A man who recently traveled to West Africa was admitted to the emergency room in Manhattan's Mount Sinai Hospital late Sunday with a high fever and gastrointestinal problems, symptoms that are consistent with the Ebola virus.
The patient, whom The New York Times did not identify out of respect for his privacy, is currently being tested for the virus in isolation. The hospital would not elaborate on which country he had traveled to, what he was doing there, or if he was exposed to the virus while in the region.
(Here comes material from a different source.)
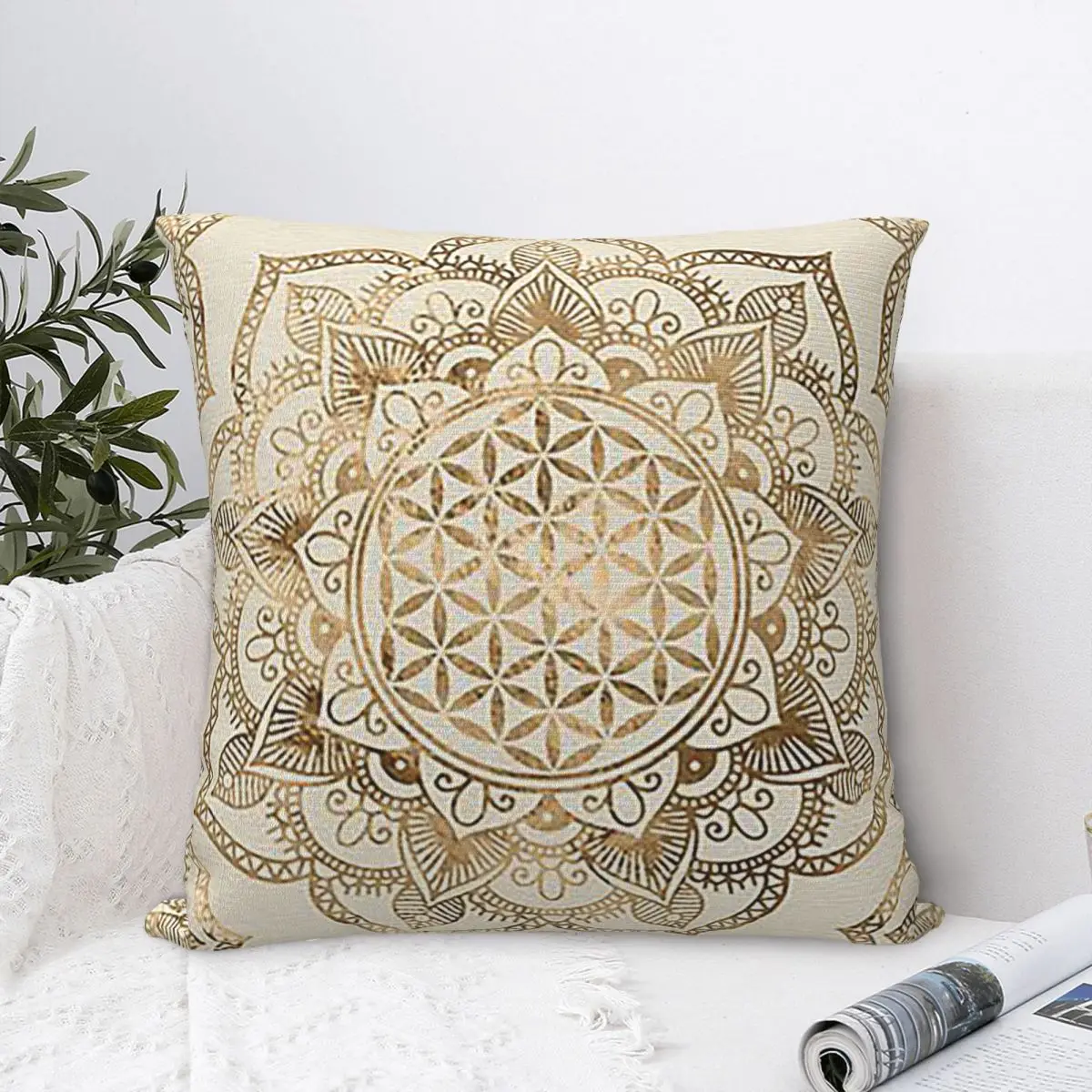 Flower Of Life In Lotus Pastel Golds And Canvas Pillowcase Cushion Comfort Throw Pillow Sofa Cushions Used for Home Living Room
"We will continue to work closely with federal, state, and city health officials to address and monitor this case, keep the community informed, and provide the best quality care to all of our patients," Dorie Klissas, a spokesperson for the hospital, told The New York Times. "All necessary steps are being taken to ensure the safety of all patients, visitors and staff."
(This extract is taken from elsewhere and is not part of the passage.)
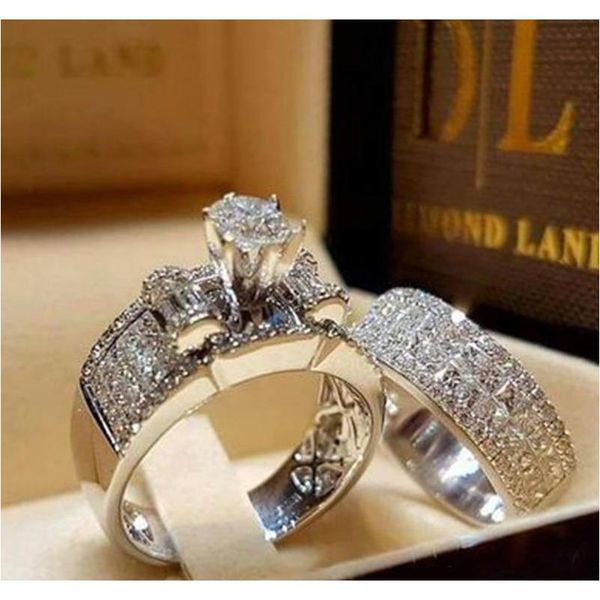 

new wedding couple rings 3a rhinestone fashion silver rose gold rings mixed different styles fashion european ame wmtfap beauty888, Slivery;golden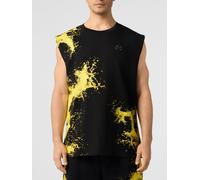Plein Sport Canotta in cotone con stampa astratta e logo Hexagon 3XL Nero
Even if the Mount Sinai patient ends up being diagnosed with Ebola, though, Americans shouldn't panic about the potential spread of this dangerous disease. While Ebola isn't exactly innocuous, it's far less contagious than other diseases with serious epidemic potential, like bird flu or MERS (Middle Eastern Respiratory Syndrome). And since Ebola can only be transmitted through bodily fluids like blood, vomit, and feces — not through coughing or sneezing — it's unlikely that anyone who isn't a health-care worker would come into contact with the disease.
In fact, many of the reasons for Ebola's deadly spread are sociocultural. Doctors in countries like Sierra Leone and Liberia have never experienced outbreaks of the disease before, and therefore may not be trained in how to diagnose and treat it. Some Africans also must bury their dead on their own, meaning they may contract the disease while laying a family member to rest.